Here's an example where BT_WIDTH is chosen to fit the output nicely into this README:

[simonsj@simonsj-lx2 : bt.sh] BT_WIDTH=50 ./example.sh
Build Trace Start (example.sh:7)

              ▄▄▄▄▄▄▄▄▄▄▄▄▄▄▄▄▄▄▄▄▄▄▄▄▃▁▁▁▁▁▁▂▇▇▇▇▇███████▆▆▁▁▁▁ * CPU Utilization
[    8.111s ] ├────────────────────────────────────────────────┤ * full example
[    4.036s ] ├──────────────────────┤                           * serial cats
[    2.008s ] ├──────────┤                                       * cat + gzip 1
[    2.008s ]             ├──────────┤                           * cat + gzip 2
[    1.011s ]                          ├────┤                    * sleep 1.0
[    2.023s ]                                ├──────────┤        * parallel cats
[    2.010s ]                                ├──────────┤        * cat + gzip 3
[    2.009s ]                                ├──────────┤        * cat + gzip 4
[    1.012s ]                                            ├─────┤ * final sleep 1.0

     one '.' unit is less than:    0.162s
                    total time:    8.122s

Build Trace End (example.sh:7)

Time goes left-to-right, and tracepoints are ordered top-to-bottom chronologically according to when they started.

The cumulative time for a trace is emitted on the far-left column, and the trace's globally unique name is emitted on the far-right column.

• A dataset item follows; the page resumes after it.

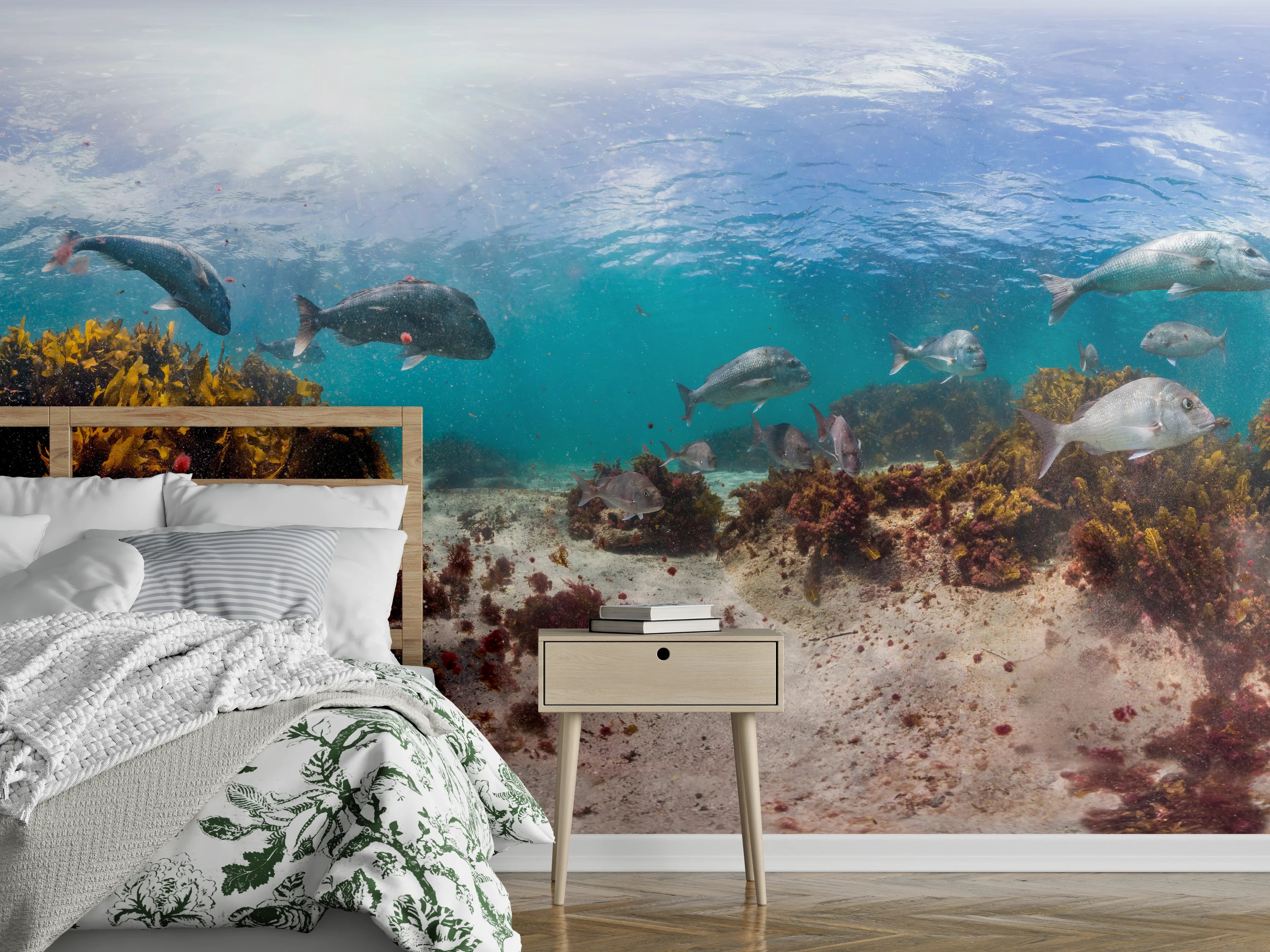 Wandverkleidung Schlafzimmer - Seetang und Fisch in Neuseeland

CPU usage is sampled with mpstat and emitted using spark.

Motivation

bt.sh was originally created to aid reasoning about the numerous highly-parallelized and heavily-cached build and CI test phases used in GitHub's internal development of GitHub Enterprise.

Explicit goals:

  • single-file consumption
  • a small set of trivial, commonly-available Linux dependencies
  • replace "eyeball grepping" build timestamps and manually computing different phase durations
  • verify work intended to be run in parallel is indeed doing so
  • "stats in your face" to help with identifying regressions
  • identify phases which are CPU-bound (and not)

Non-goals:

  • not suitable for fine-grained perf measurement
    • if date overhead would matter in your context, bt.sh is not a good fit

Usage

See example.sh for an example script.

In a nutshell:

#!/bin/bash
. bt.sh                            # source bt.sh
bt_init                            # initialize

bt_start 'some phase of my build'  # start trace
...                                # (your actual script)
bt_end 'some phase of my build'    # end trace

bt_cleanup                         # cleanup once when done

The bt_init and bt_cleanup are okay to be invoked in a nested fashion from multiple scripts: a report will be emitted when the first script to have done bt_init finally reaches its bt_cleanup.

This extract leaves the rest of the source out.